Etaniel Strashimirov (2023-01-10 18:01:31) Permalink
I don't understand. First: The conclusion states that there is a difference between specification and implementation, but isn't that obvious? Like, one is a doc, you can only read it, the other one is an implementation, you can use it to execute code. Second: By compilation I typically understand turning the code from one representation to another. I.e. when you start turning the input into opcodes is when you are doing compilation. Typically I'd expect the "doing compilation" to imply also turning code from well specified representation to another (x86, jvm, etc all have specs). Right? Back in the day people used to write asm directly, then for various reasons people started using code to produce the binary. But the binary is the goal, not the original code. Third: From all of that and your second conclusion, isn't the proper conclusion that there is a difference between Potayto and Potahto? How am I wrong?

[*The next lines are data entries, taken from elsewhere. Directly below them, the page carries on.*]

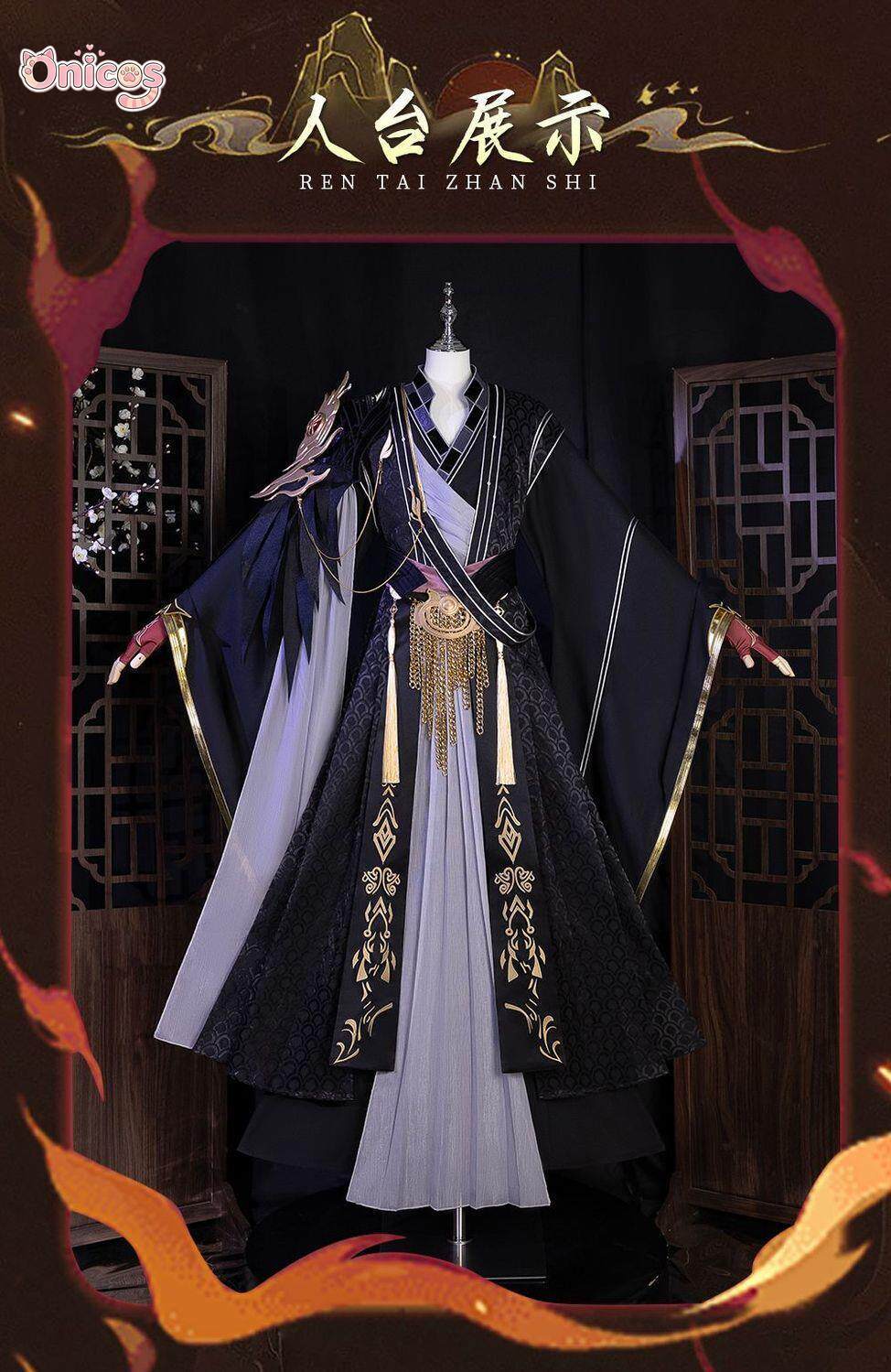 Xian Ni  Ancient Immortal Wang – обзор и цена Anime Cosplay In Chinese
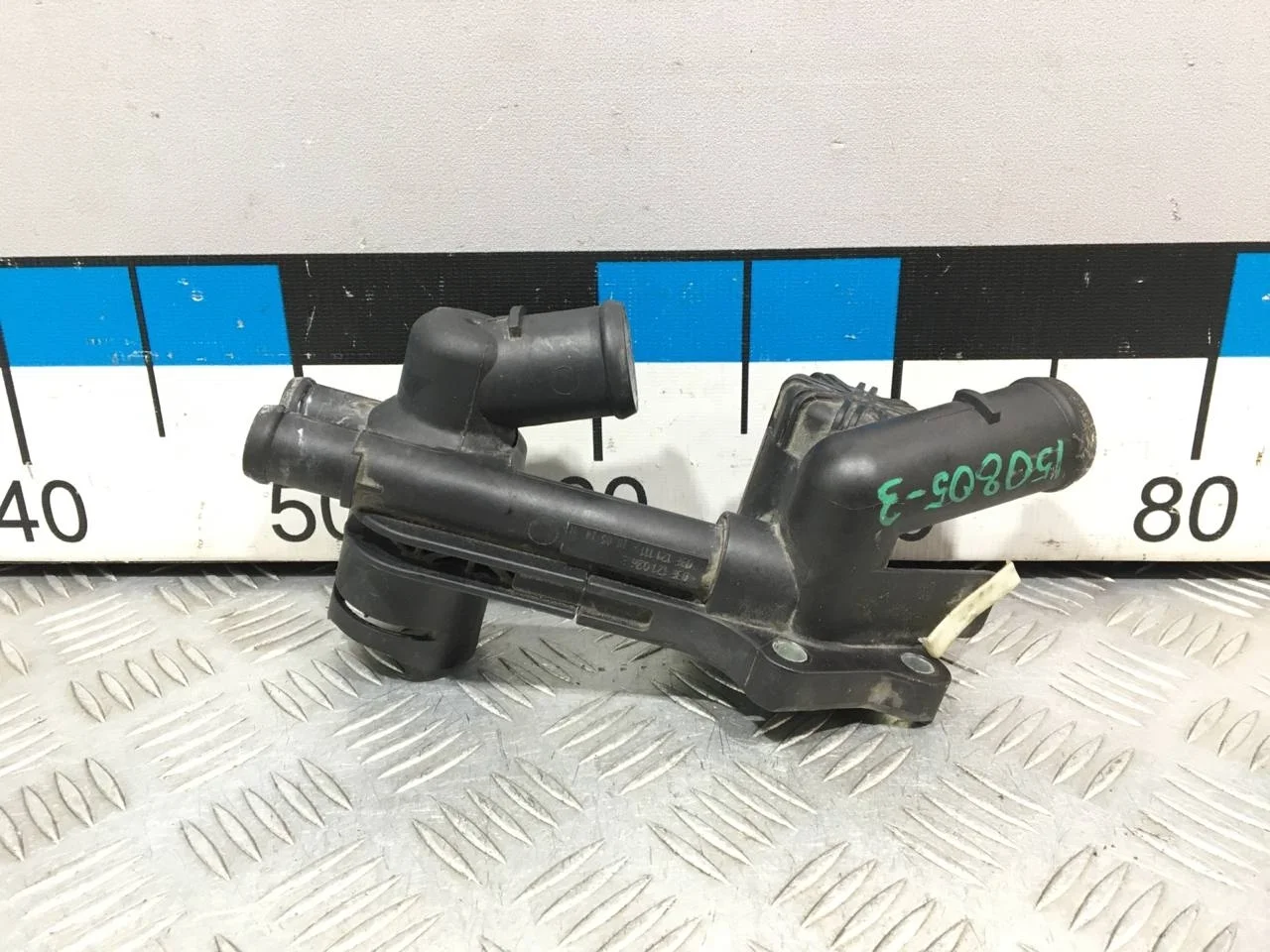 [Б/У] Корпус термостата [Код: 00652251 ]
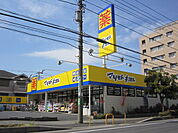 【ドラッグストア】マツモトキヨシ行徳店まで181ｍ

Tanvi Sharma (2023-01-11 06:35:09) Permalink
Thank you for clearly showing the difference between language specification, implementation, compiler and interpreter. Very good read. However, could you also explain why two interpreters/implementations can show different outputs (CPython and PyPy in the article) for the same language specification and how are still both considered correct?

Laurence Tratt (2023-01-11 08:19:57) Permalink
@Tanvi Specifications don't specify every aspect of how programs run, sometimes out of choice, sometimes because it would be impractical, and sometimes because no-one realised that such flexibility was allowed.

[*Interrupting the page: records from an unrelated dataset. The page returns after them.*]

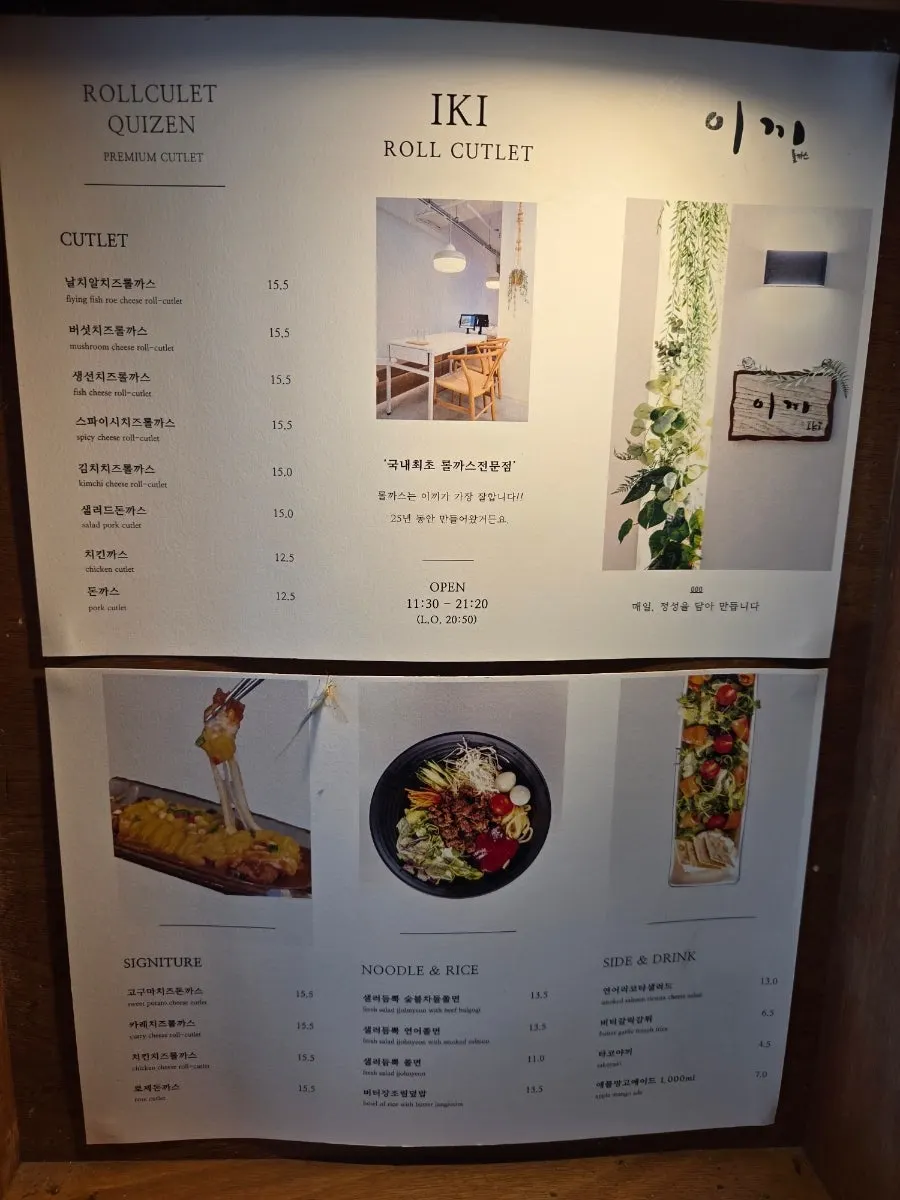 Entrance area of Ikki Roll Katsu in the basement of Seongmi Building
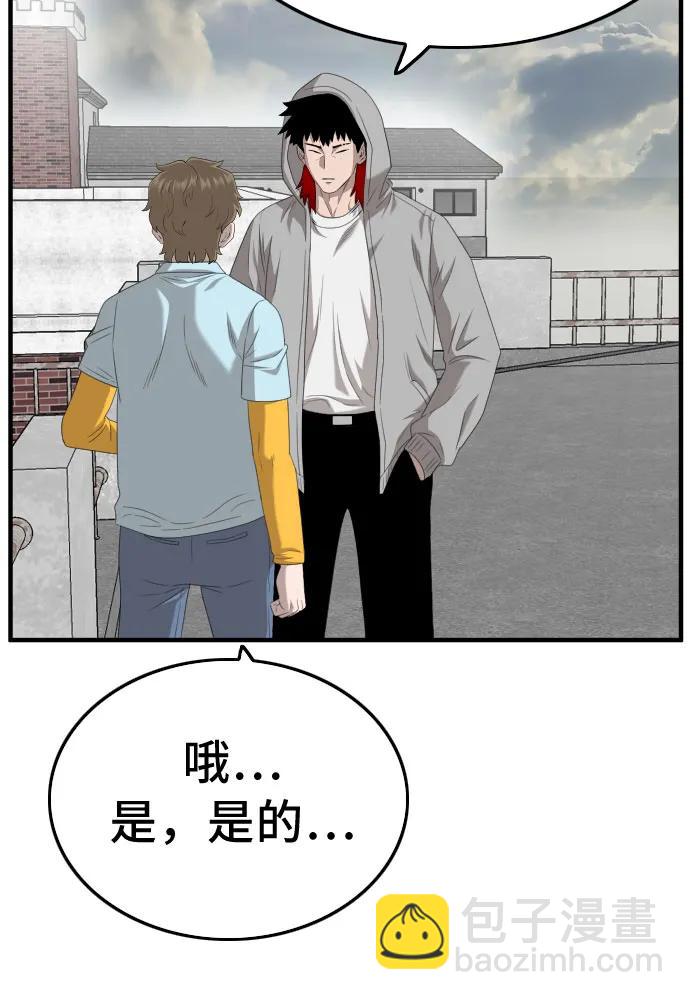 第140话68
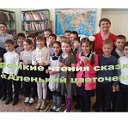 Курская районная детская библиотека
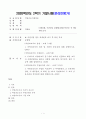 [방송통신대학교 2020학년도 2학기 기말시험] 비영리조직경영론(공통)(비영리조직의본질,비영리조직의사명관리,비영리조직과기업조직의비교) 1페이지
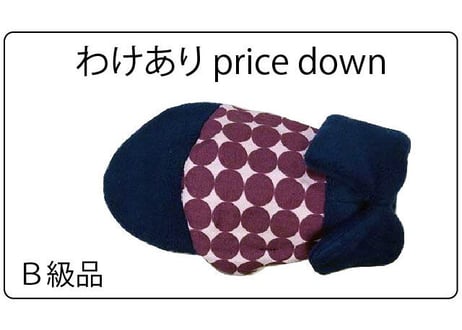 Moてぶくろ®＜わけあり品＞ネイビーワイン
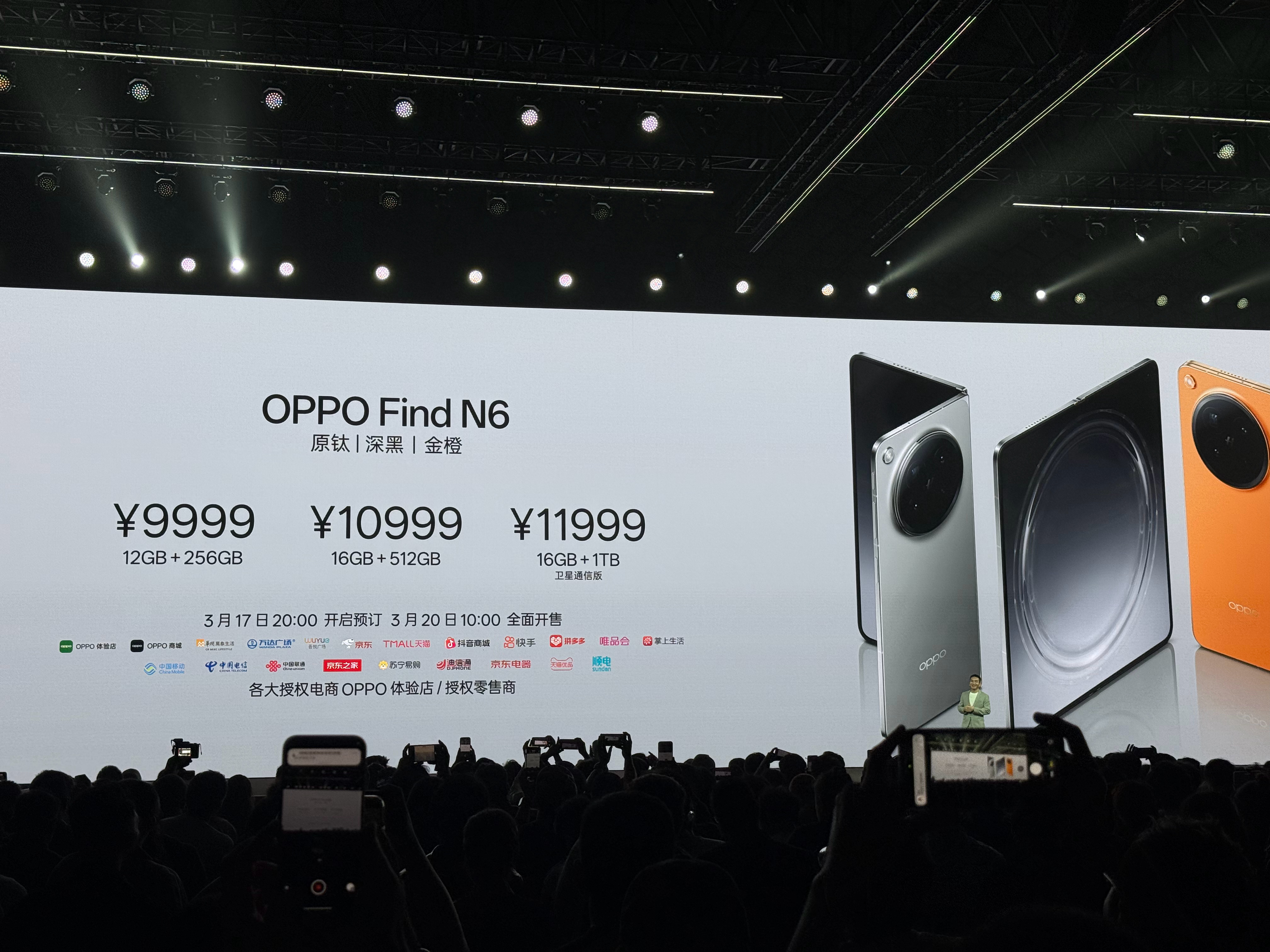 OPPO Find N6价格来了！9999起如何？满意吗？在内存疯涨的今天建议买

For example, out of choice, specifications such as Python's often want to leave open the possibility of an implementation caching certain objects, since that can make programs faster (even though users can then observe seemingly surprising behaviour, such as in the example in the post you're referencing).

As an example of "impractical" - albeit at the far end of things! - one can often tell which implementation one is running on by timing parts of a program at run-time. A specification could remove that way of observing differences by mandating that every operation takes a precise amount of time to run -- but that would leave us disappointed when we buy a faster computer and our programs run at the speed as before!

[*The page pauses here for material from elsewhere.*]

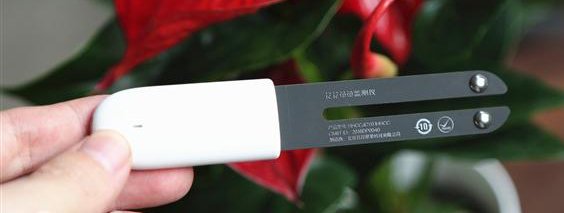 xiaomi-flora-monitor-001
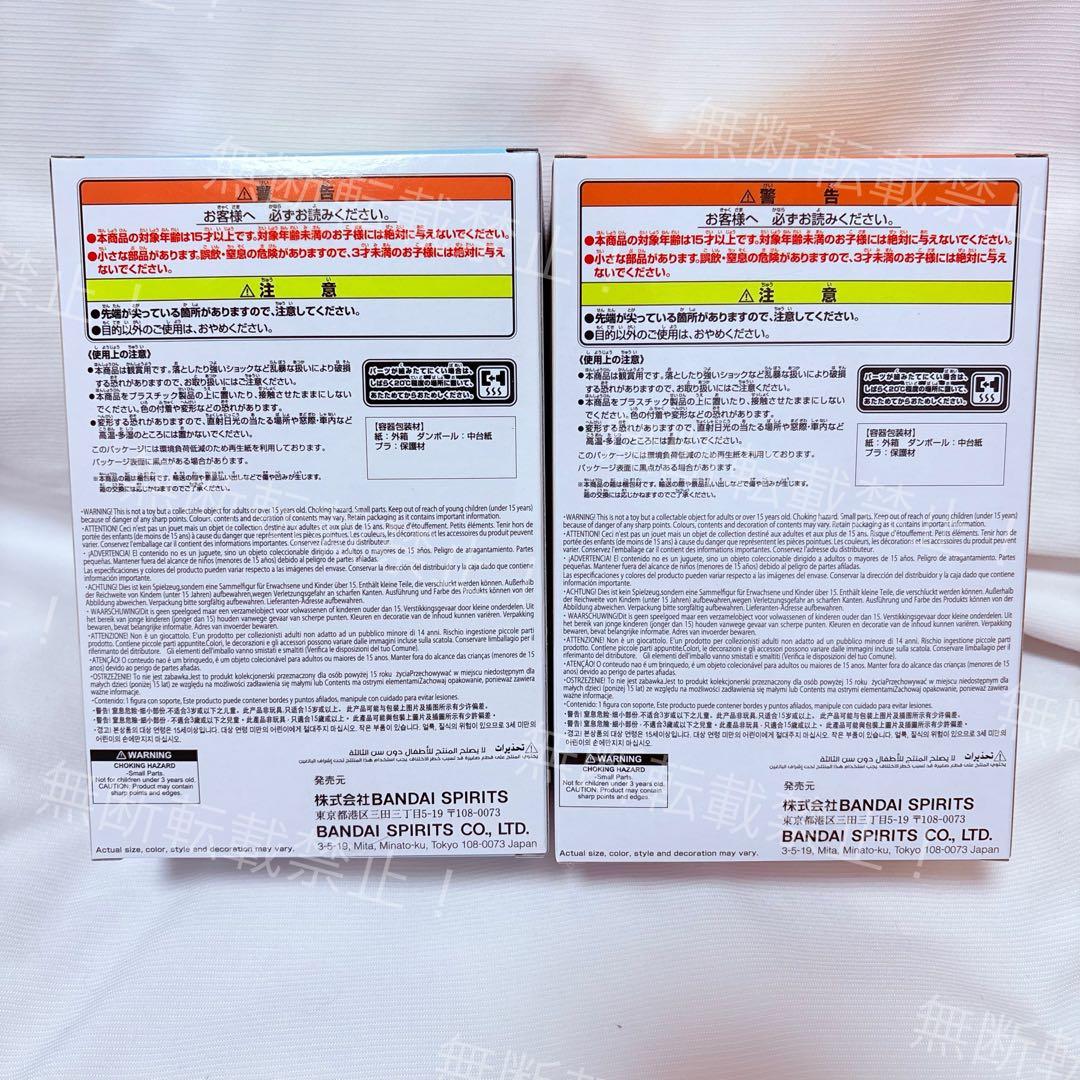 新品未開封⭐️僕のヒーローアカデミア　ちあぴこ　GLITTER&GLAMOURS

Finally, as we've looked more and more to programming languages to squeeze out extra performance, language implementers have increasingly started to examine language specifications with lawyer-like eyes, to find flexibility where none might have been intended. Simplifying grossly, since writing specifications (in natural or formal languages) is hard, there are nearly always unintended gaps: clever language implementers make use of those unintended gaps to make programs run faster while still (technically) adhering to the specification.


Tanvi Sharma (2023-01-11 13:50:48) Permalink
Thank you for the detailed explanation @Laurence (only if the language specification was so detailed!). It’s amusing to see that all implementations are technically correct.

Jason C. McDonald (2023-01-12 21:23:37) Permalink
I've started calling languages like C++, C, etc. "assembled languages", because the assembly to machine code is performed development-side, and the machine code is shipped to the user.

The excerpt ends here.